Tuesday, February 12, 2013

Bob Newhart

Bob Newhart


Birth name: George Robert Newhart

Born: September 5, 1929 (aget 84), Oak Park, Illinois, United States

Medium: Stand-up, film, television

Nationality: American

Years active: 1958 - present

Genres: Sketch comedy, Satire

Subject(s): American culture

Influences: Jack Benny, robert Benchley, H. Allen Smith, James Thurber, Max Shulman

Influenced: Ellen DeGeneres, Lewis Black, Norm Macdonald, David Steinberg, Ray Romano, Tom Rhodes, Conan O'Brien, Jay Leno

Spouse: Virginia Quinn (1964 - present)(4 children)

Notable works and roles: The Button-Down Mind of Bob Newhart
Major Major Major Major in Catch-22
Dr. Robert Hartley in The Bob Newhart Show
Dick Loudon in Newhart

Website: www.bobnewhart.com

Golden Globe Awards:

Best TV Star -- Male 1962

Grammy Awards:

Album of the Year, 1961 "The Button-Down Mind of Bob Newhart"

Best New Artist 1961

Best Comedy Performance, 1961, "The Button-Down Mind Strikes Back!"

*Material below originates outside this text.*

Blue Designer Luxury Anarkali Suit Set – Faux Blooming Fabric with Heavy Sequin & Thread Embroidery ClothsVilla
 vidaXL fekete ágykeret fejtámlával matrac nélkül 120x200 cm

Bob Newhart is best known for his role as Dr. Robert "Bob" Hartley on The Bob Newhart Show (1970). He is also known for his role as Dick Loudon in Newhart, a sitcom from the 1980s. He played Major Major in Catch-22 and Papa Elf in Elf.

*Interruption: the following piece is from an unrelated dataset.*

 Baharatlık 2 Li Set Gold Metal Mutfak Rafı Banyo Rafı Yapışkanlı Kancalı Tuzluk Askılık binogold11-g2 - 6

Newhart was born in Chicago. His mother, Julia Pauline, was a housewife. His father, George David Newhart was a part-owner of a plumbing and heating business. His mother was of Irish and his father was German. So that's a lot of drinking and strictness. We don't know if there actually was any drinking or strictness. Newhart is just a nice guy. He seems like he was raised right.

Newhart has three sisters, Virginia, Mary Joan, and Pauline.

He went to a Catholic school. Well that would be some strictness. He has a bachelor's degree in business management. He knows how to management his money from all his acting gigs. He's shown up on television and in the movies here and there.

Newhart served in the U.S. Army during the Korean War.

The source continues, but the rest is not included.